The film’s story jumps between two characters, the boat’s cook Mikkel (Pilou Asbaek) and Peter (Soren Malling) the CEO of the shipping company who is also the lead negotiator. Mikkel is a good-natured man whose family is desperate to have back. Peter is a somewhat stern boss but he’s very clearly the best at what he does. Then comes the off-screen hijacking and both their lives are turned upside down. A pirate expert is quickly brought in to help the company get their men out safely. Peter is advised to bring in a professional pirate negotiator but he decides against it as he’s an excellent negotiator and he feels personal responsibility for his men. Both men have to deal with very different fears and stresses as the negotiations go on for weeks.
I found the experience of watching this to be really interesting. This is not a flashy film in any respect; almost everything feels dialed back a little bit. At no point does it take the easy road to tension. Even the most obviously intense moment of the hijacking itself happens off-screen. Lindholm is opting for realism and the reality is that hijackings can often take months to fix. Pirates are not exactly the most reasonable of folk and Peter quickly learns how frustrating it can be to negotiate with people who are thinking completely differently from you. Time is not an issue for them and that just wears everyone else down. So the first third of the film is a lot of set-up and it takes a while to get acquainted to the situation. Then out of nowhere it just hits a hot streak of constant suspense.

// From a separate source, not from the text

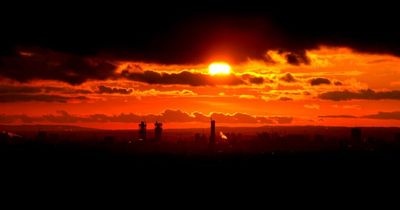 How hot it's forecast to get overnight where you live in Greater Manchester hour-by-hour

As we see the slow back and forth between Peter and the pirates multiple different tensions arise. There’s the obvious and incessant fear that the crew of the ship will be killed, there’s the fear that the stress will become too much for Peter and negotiations will fall apart, there’s the fear that Mikkel will give in to panic, and the constant physiological games played between the negotiators makes it feel like the lives of these men depends on a tightrope walk. No part of the film feels exaggerated or over-dramatic so we have these subdued layered suspenseful elements all working together and it makes for a really gripping watch.
One of the major aspects that really holds everything together is the emotional and psychological realism. Lindholm clearly recognises how an awful event like this does not only traumatise those directly involved but it reverberates to all those indirectly involved. Peter has to deal with being responsible for the lives of several men; he meets with their families and is the face they will direct their ire at if things go sour. The mental anguish he goes through is never treated as less important just because Mikkel is in more direct physical danger. In some films the only real danger is death. We accept the main character will survive and then the only worry is what supporting characters are in danger. Here the dangers are numerous and mainly internal. Mikkel doesn’t just have to worry about surviving, he’s worrying that when he returns to his wife and child he won’t return as the same man he was before. The film deals with how a hijacking can severely impact so many different people, and that adds more emotional weight to what is already an enthralling experience.
A Hijacking doesn’t just provide an insight into how negotiations with pirates go down but it’s also just an absorbing story of two men becoming psychologically strained. It takes a while to get going but it eventually settles into a consistently intense groove. The perfor mances across the board are excellent and other than a few on-the-nose lines at the beginning it’s a great script too. All in all it’s a deeply thoughtful and intense drama that really pulled me in.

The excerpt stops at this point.